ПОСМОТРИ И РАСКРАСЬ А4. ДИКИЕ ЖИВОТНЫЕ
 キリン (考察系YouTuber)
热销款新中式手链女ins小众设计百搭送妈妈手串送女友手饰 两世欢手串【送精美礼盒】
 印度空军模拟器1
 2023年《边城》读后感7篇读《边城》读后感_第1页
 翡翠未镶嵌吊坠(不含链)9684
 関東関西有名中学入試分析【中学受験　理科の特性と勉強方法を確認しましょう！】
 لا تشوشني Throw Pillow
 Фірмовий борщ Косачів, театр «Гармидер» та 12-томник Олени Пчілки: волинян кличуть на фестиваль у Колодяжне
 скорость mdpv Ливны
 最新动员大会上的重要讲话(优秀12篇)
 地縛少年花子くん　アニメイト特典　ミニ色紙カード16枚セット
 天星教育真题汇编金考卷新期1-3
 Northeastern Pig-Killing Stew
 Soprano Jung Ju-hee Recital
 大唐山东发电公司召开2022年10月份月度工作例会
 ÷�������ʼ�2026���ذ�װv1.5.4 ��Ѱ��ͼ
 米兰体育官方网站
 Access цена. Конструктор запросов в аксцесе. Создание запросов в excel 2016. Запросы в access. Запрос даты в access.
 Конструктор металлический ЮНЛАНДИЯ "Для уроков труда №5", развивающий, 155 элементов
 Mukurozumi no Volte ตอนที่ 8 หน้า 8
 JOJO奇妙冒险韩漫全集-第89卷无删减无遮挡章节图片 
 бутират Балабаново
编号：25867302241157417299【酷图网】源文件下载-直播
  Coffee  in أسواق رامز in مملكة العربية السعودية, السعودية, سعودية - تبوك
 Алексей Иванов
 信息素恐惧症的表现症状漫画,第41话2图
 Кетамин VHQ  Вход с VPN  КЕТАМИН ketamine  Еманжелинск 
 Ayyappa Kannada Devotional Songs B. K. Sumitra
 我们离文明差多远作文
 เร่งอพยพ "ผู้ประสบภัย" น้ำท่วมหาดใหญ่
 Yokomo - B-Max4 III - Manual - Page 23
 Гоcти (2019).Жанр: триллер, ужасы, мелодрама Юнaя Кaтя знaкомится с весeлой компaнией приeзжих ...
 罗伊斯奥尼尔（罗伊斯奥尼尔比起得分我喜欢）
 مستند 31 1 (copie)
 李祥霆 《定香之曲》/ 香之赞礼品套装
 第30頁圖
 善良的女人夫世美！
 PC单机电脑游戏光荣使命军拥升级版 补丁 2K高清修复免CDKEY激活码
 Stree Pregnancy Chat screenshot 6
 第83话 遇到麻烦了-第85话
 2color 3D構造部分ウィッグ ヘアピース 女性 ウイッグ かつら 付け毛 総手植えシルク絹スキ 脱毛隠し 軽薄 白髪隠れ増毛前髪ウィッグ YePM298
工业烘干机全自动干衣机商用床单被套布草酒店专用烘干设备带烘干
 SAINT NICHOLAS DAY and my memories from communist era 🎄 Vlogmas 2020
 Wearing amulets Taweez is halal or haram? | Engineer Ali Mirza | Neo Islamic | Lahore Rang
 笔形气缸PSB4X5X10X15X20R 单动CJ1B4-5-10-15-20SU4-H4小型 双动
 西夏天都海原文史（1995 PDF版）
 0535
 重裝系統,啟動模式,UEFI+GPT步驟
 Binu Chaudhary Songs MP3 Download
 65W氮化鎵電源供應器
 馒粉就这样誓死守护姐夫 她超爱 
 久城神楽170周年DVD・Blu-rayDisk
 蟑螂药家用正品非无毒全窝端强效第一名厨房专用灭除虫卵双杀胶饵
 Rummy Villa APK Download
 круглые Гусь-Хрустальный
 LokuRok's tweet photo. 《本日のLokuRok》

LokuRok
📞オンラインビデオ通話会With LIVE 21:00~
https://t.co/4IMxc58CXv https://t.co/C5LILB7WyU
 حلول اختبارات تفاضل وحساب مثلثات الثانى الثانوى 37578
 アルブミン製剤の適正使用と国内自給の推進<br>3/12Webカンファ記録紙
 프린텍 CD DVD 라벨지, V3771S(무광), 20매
===
■ Your assignment
The expected output is exactly the lines of the listing above between the line holding "Stree Pregnancy Chat screenshot 6" and the line holding "アルブミン製剤の適正使用と国内自給の推進<br>3/12Webカンファ記録紙", inclusive.

■ Output of the exercise
 Stree Pregnancy Chat screenshot 6
 第83话 遇到麻烦了-第85话
 2color 3D構造部分ウィッグ ヘアピース 女性 ウイッグ かつら 付け毛 総手植えシルク絹スキ 脱毛隠し 軽薄 白髪隠れ増毛前髪ウィッグ YePM298
工业烘干机全自动干衣机商用床单被套布草酒店专用烘干设备带烘干
 SAINT NICHOLAS DAY and my memories from communist era 🎄 Vlogmas 2020
 Wearing amulets Taweez is halal or haram? | Engineer Ali Mirza | Neo Islamic | Lahore Rang
 笔形气缸PSB4X5X10X15X20R 单动CJ1B4-5-10-15-20SU4-H4小型 双动
 西夏天都海原文史（1995 PDF版）
 0535
 重裝系統,啟動模式,UEFI+GPT步驟
 Binu Chaudhary Songs MP3 Download
 65W氮化鎵電源供應器
 馒粉就这样誓死守护姐夫 她超爱 
 久城神楽170周年DVD・Blu-rayDisk
 蟑螂药家用正品非无毒全窝端强效第一名厨房专用灭除虫卵双杀胶饵
 Rummy Villa APK Download
 круглые Гусь-Хрустальный
 LokuRok's tweet photo. 《本日のLokuRok》

LokuRok
📞オンラインビデオ通話会With LIVE 21:00~
https://t.co/4IMxc58CXv https://t.co/C5LILB7WyU
 حلول اختبارات تفاضل وحساب مثلثات الثانى الثانوى 37578
 アルブミン製剤の適正使用と国内自給の推進<br>3/12Webカンファ記録紙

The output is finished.